• What is being asked: The data below contains pictures, which are to be skipped; the lines starting at the line with "Es un amparo" and ending at the line with "Violin Case - Bam" are to be output exactly, both ends included.

___ Data to examine ___

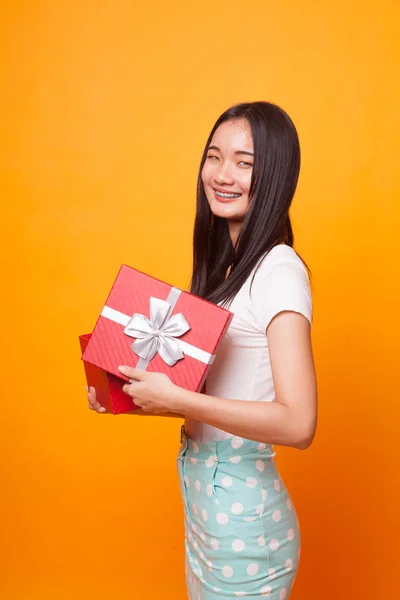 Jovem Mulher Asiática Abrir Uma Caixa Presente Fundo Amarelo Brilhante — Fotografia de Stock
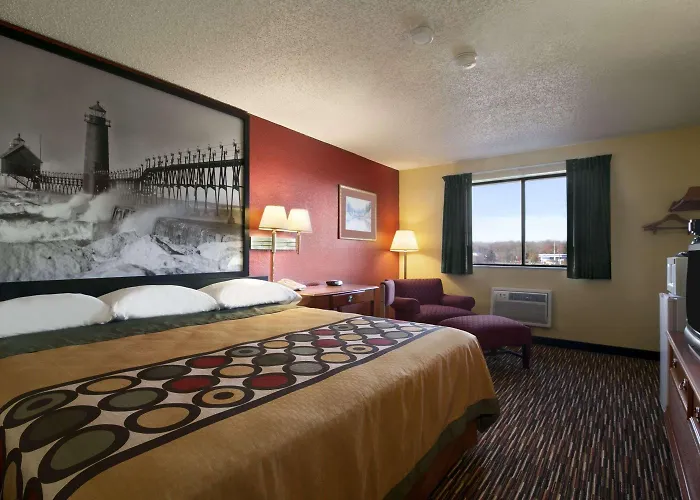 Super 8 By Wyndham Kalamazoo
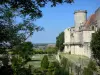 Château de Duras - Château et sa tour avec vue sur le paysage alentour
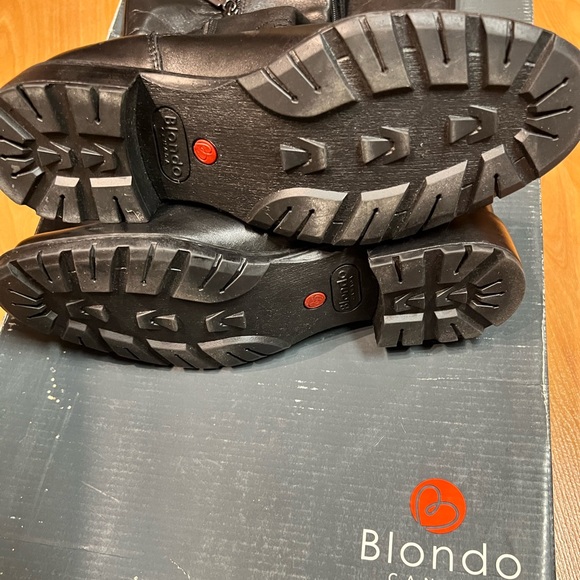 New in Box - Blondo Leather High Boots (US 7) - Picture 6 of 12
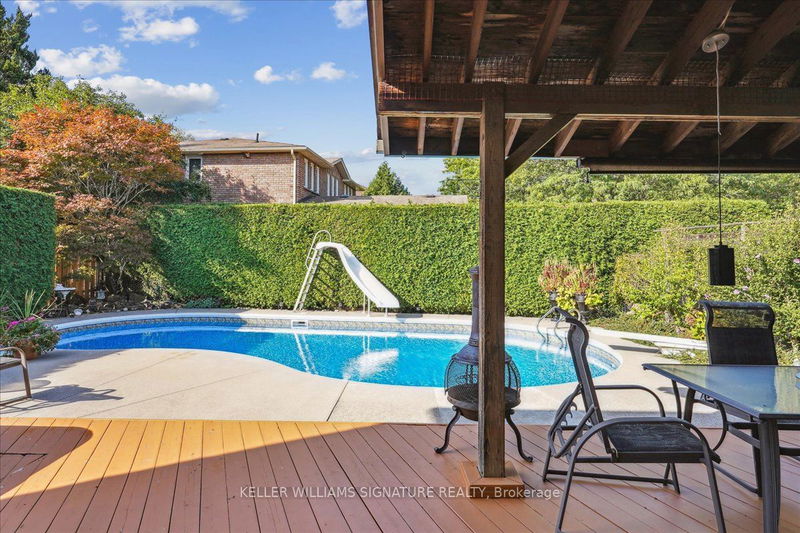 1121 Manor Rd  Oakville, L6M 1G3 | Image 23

___
___ Data to examine ___

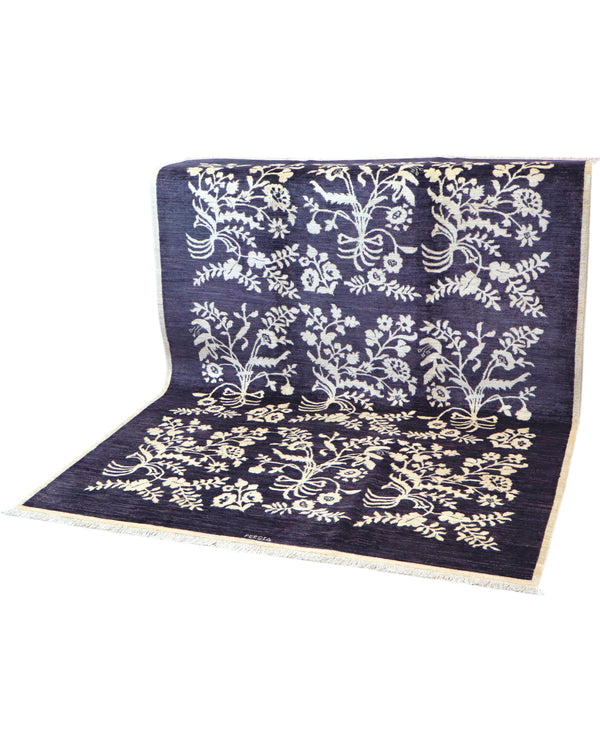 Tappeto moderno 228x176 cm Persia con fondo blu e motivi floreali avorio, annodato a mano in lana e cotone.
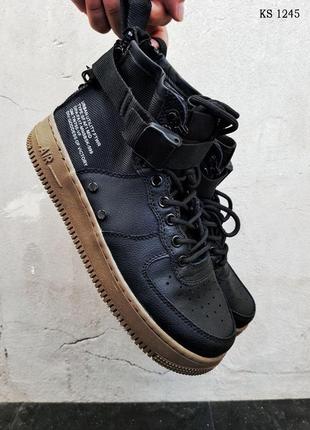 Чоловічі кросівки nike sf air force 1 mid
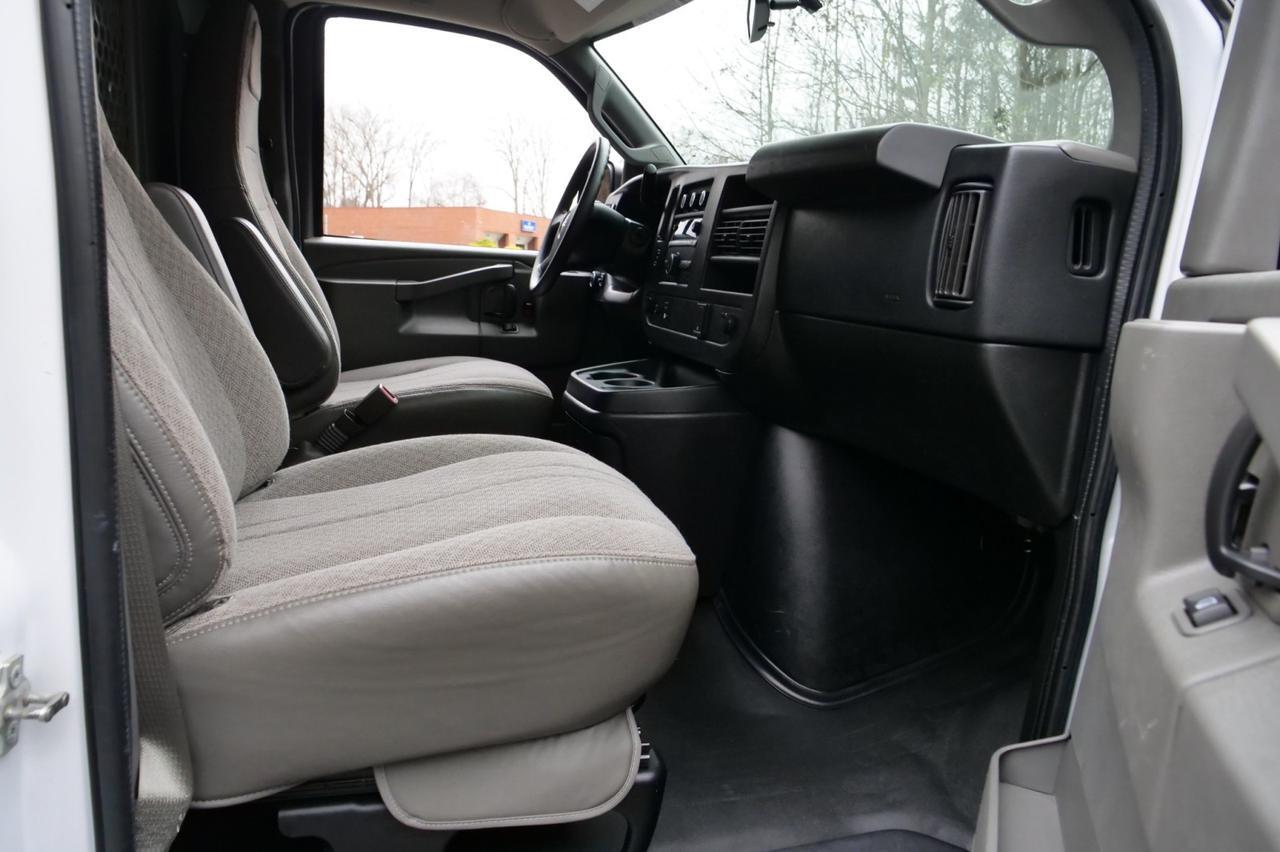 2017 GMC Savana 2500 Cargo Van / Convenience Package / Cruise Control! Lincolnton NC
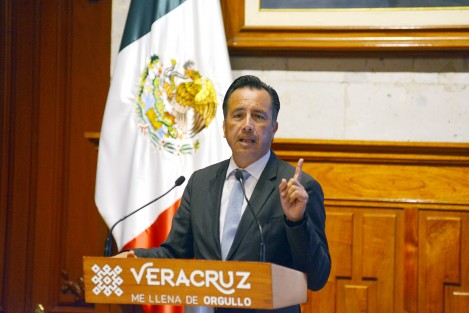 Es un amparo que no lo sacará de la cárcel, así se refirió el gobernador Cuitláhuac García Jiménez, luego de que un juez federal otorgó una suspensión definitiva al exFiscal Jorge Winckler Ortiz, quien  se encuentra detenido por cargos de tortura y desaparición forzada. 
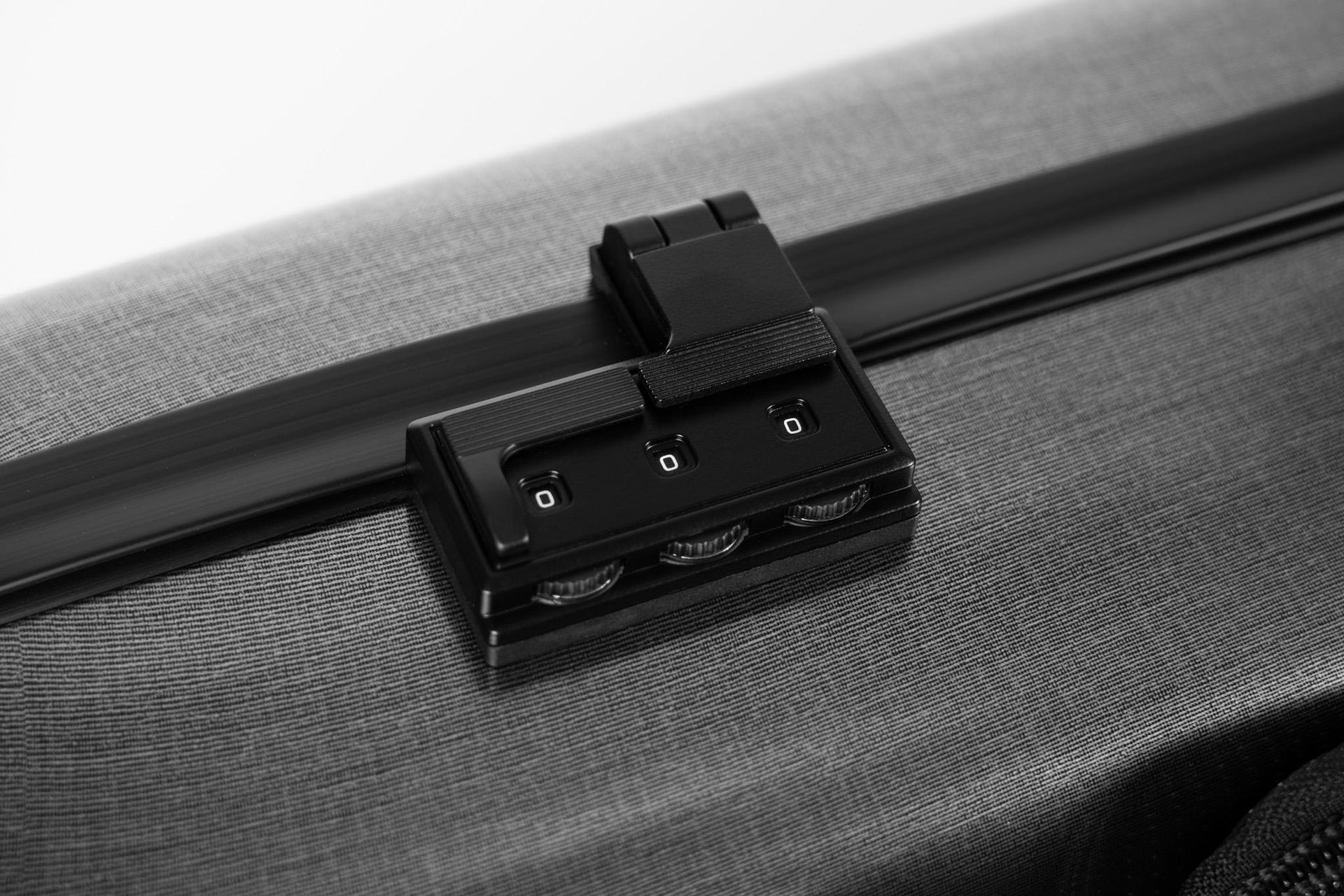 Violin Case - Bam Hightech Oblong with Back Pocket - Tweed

___

• Exercise output:
 Es un amparo que no lo sacará de la cárcel, así se refirió el gobernador Cuitláhuac García Jiménez, luego de que un juez federal otorgó una suspensión definitiva al exFiscal Jorge Winckler Ortiz, quien  se encuentra detenido por cargos de tortura y desaparición forzada. 
 Violin Case - Bam Hightech Oblong with Back Pocket - Tweed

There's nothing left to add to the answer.